Work task :: Return, unchanged and with no pictures, the lines below from the very first through the one that contains "Штатная камера заднего".
↓
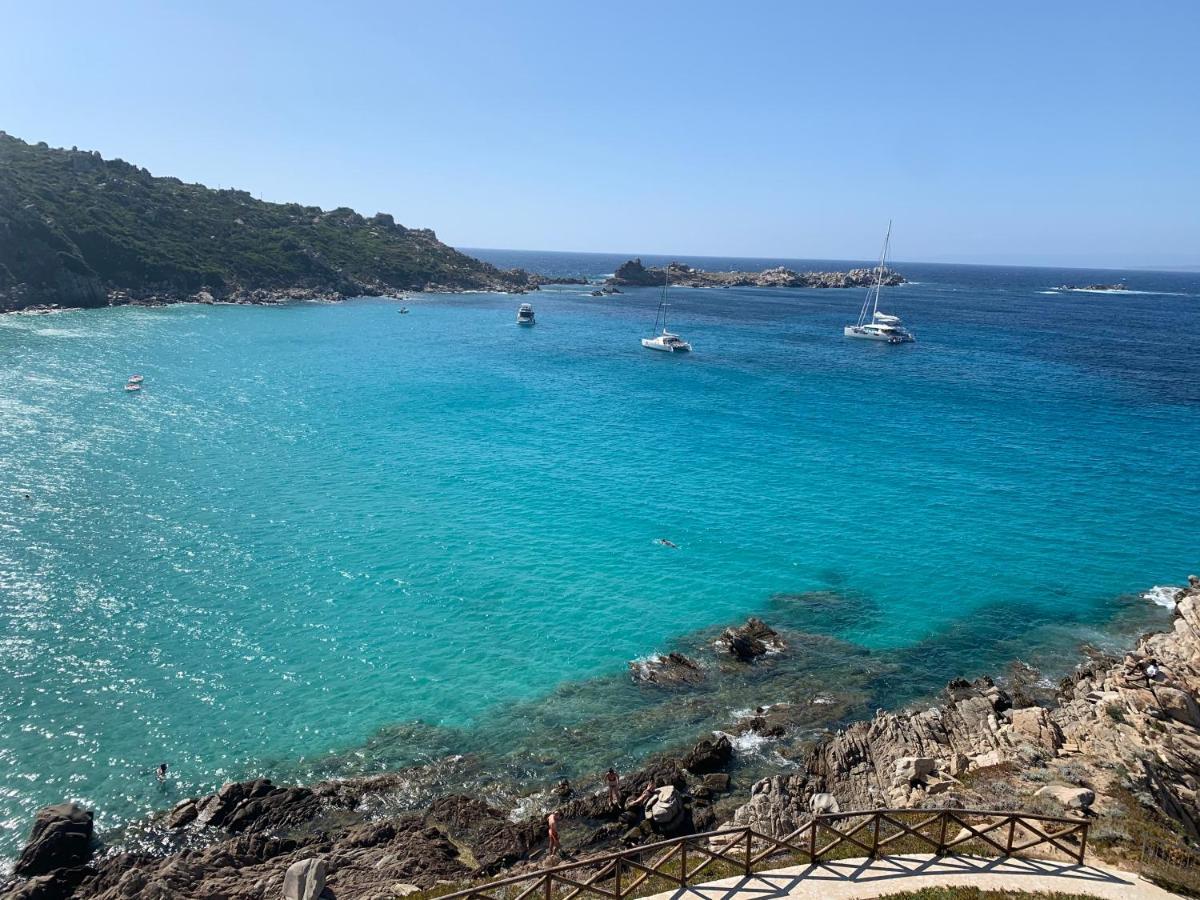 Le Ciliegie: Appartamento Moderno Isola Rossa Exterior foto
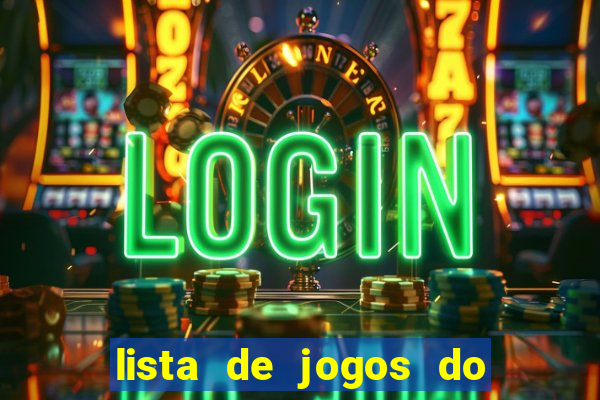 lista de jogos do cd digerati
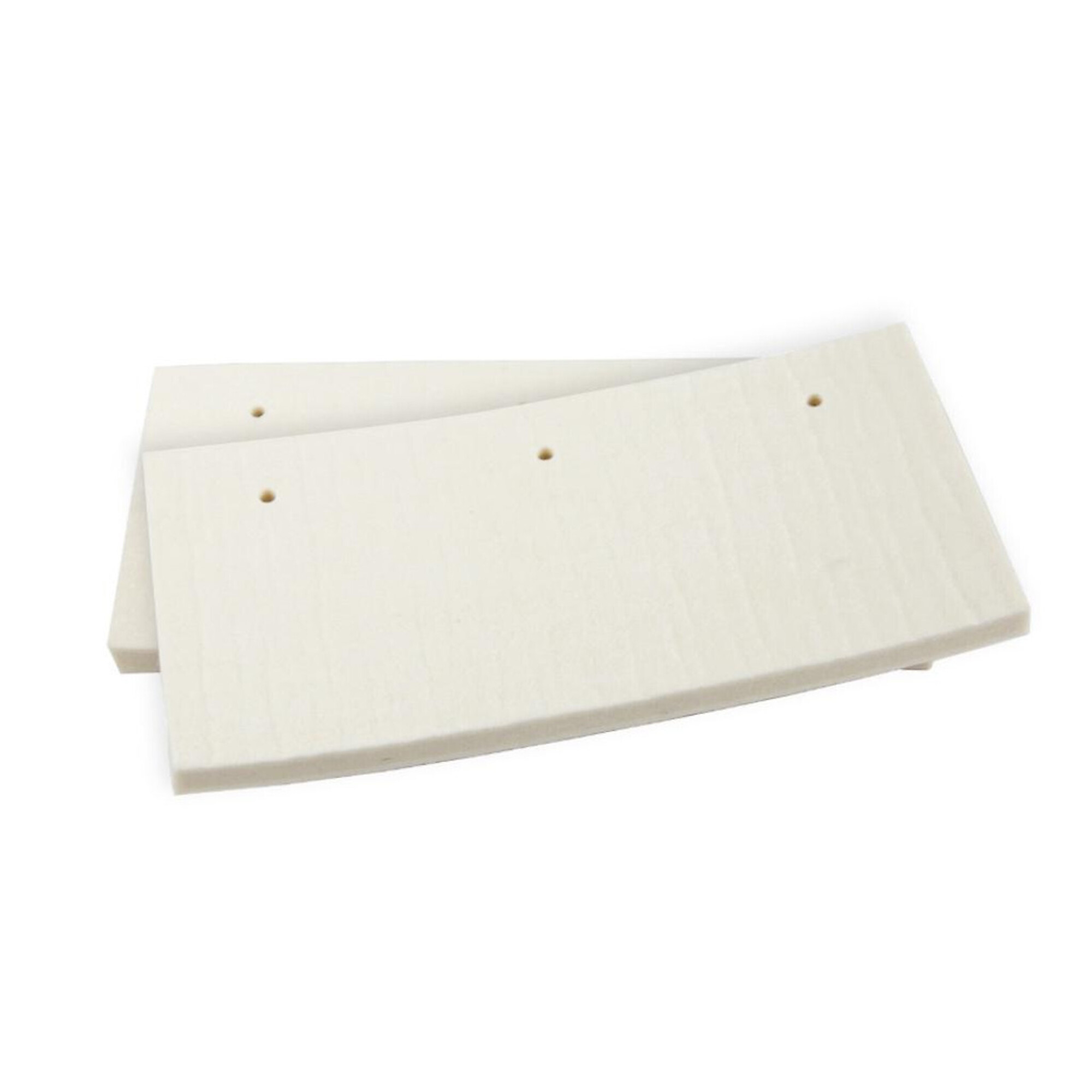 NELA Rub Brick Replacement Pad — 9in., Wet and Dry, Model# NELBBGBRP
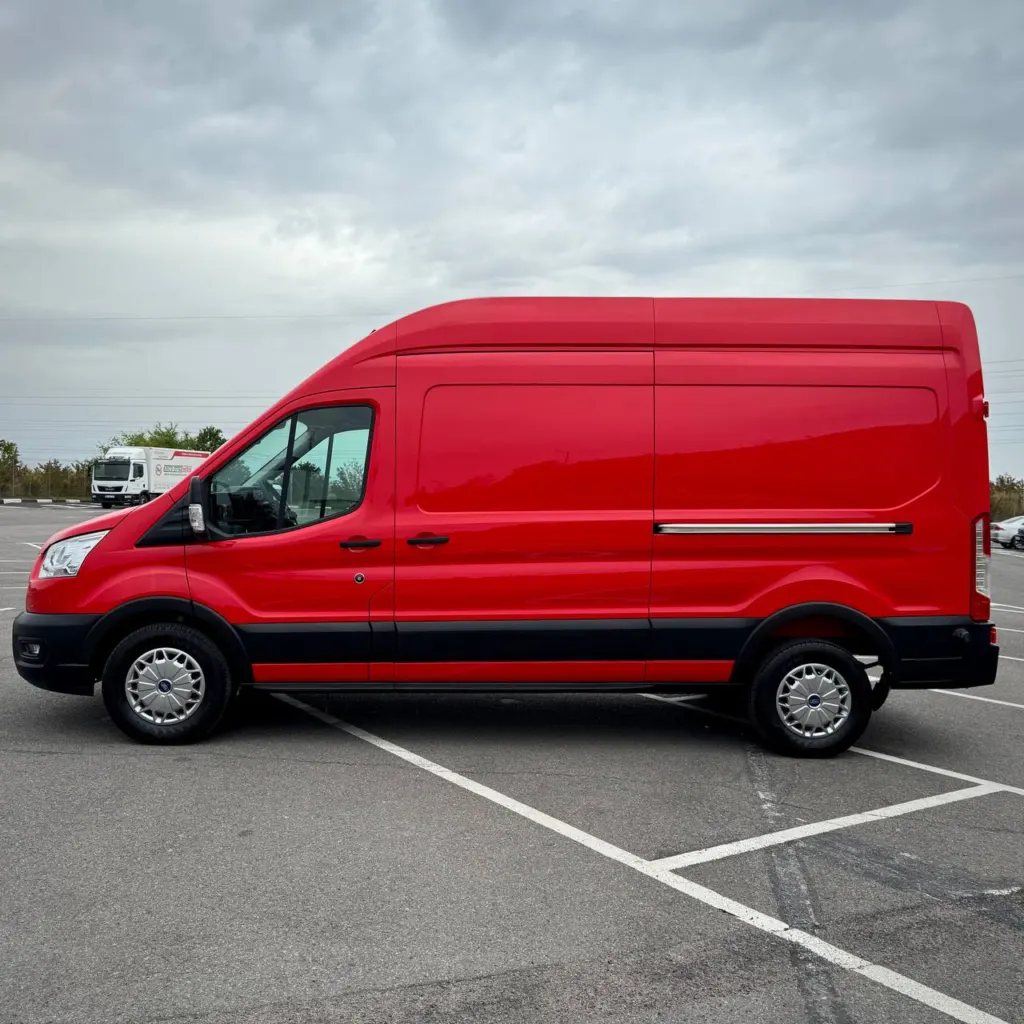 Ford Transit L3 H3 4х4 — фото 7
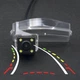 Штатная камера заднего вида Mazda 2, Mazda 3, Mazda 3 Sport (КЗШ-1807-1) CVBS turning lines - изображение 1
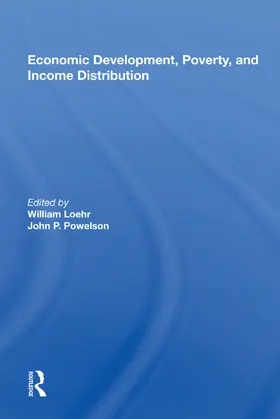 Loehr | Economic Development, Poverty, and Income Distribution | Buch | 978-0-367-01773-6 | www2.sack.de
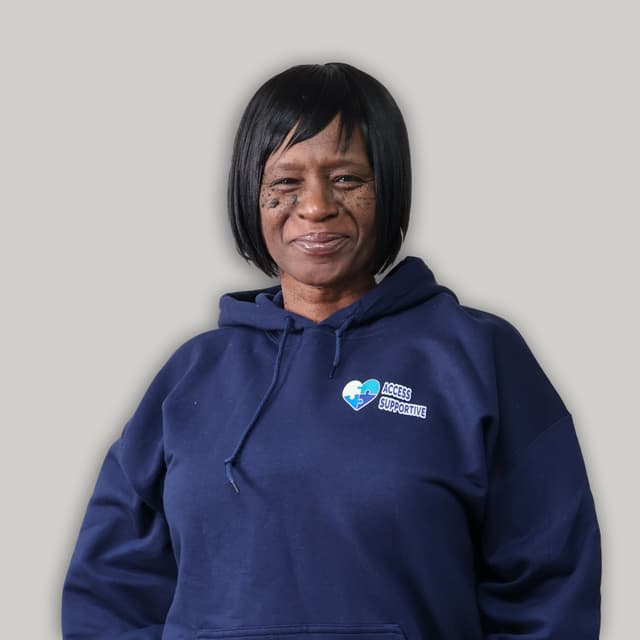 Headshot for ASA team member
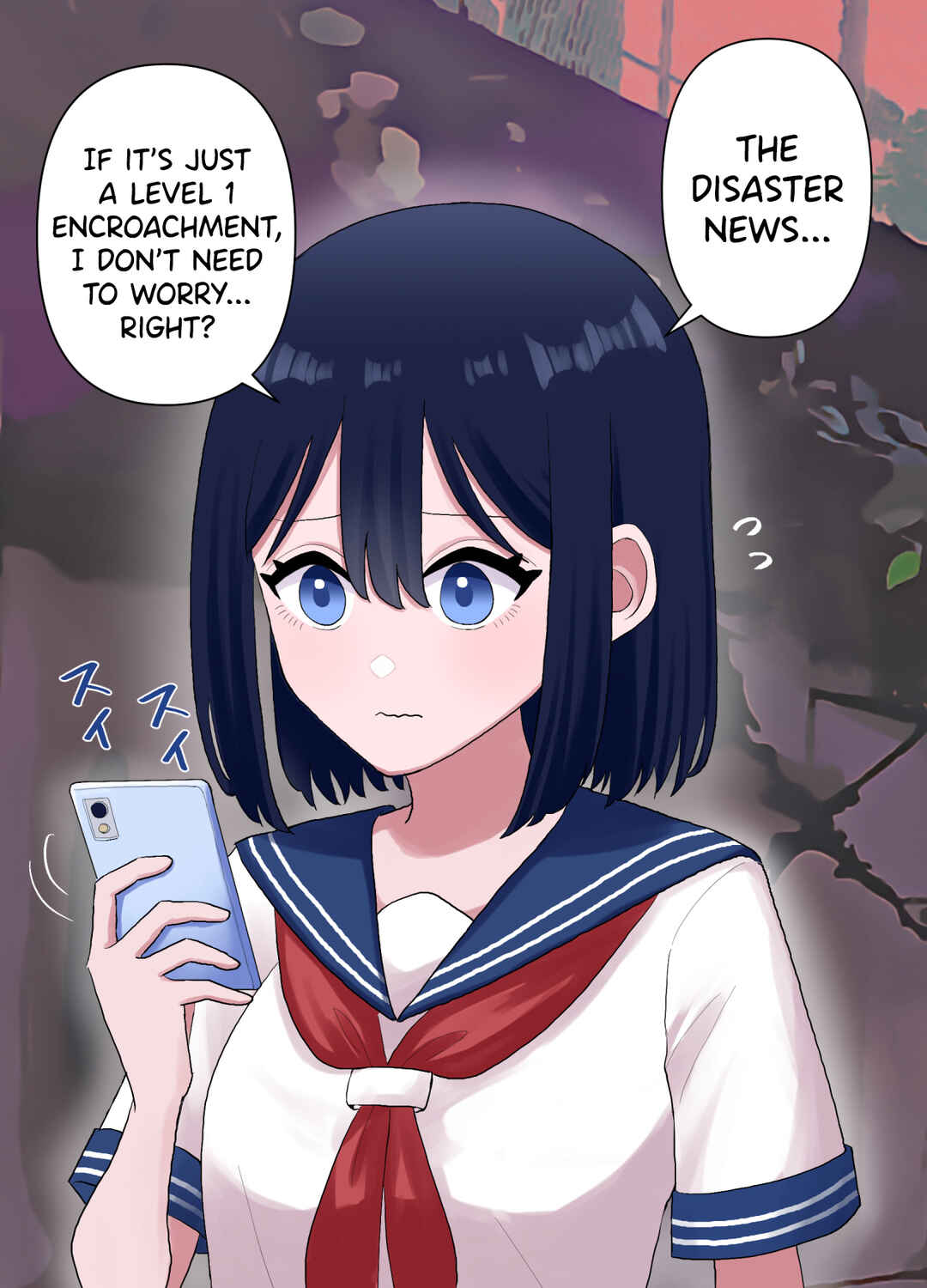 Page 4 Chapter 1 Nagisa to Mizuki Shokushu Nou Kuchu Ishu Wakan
↑
Result of the exercise ::
 Le Ciliegie: Appartamento Moderno Isola Rossa Exterior foto
 lista de jogos do cd digerati
 NELA Rub Brick Replacement Pad — 9in., Wet and Dry, Model# NELBBGBRP
 Ford Transit L3 H3 4х4 — фото 7
 Штатная камера заднего вида Mazda 2, Mazda 3, Mazda 3 Sport (КЗШ-1807-1) CVBS turning lines - изображение 1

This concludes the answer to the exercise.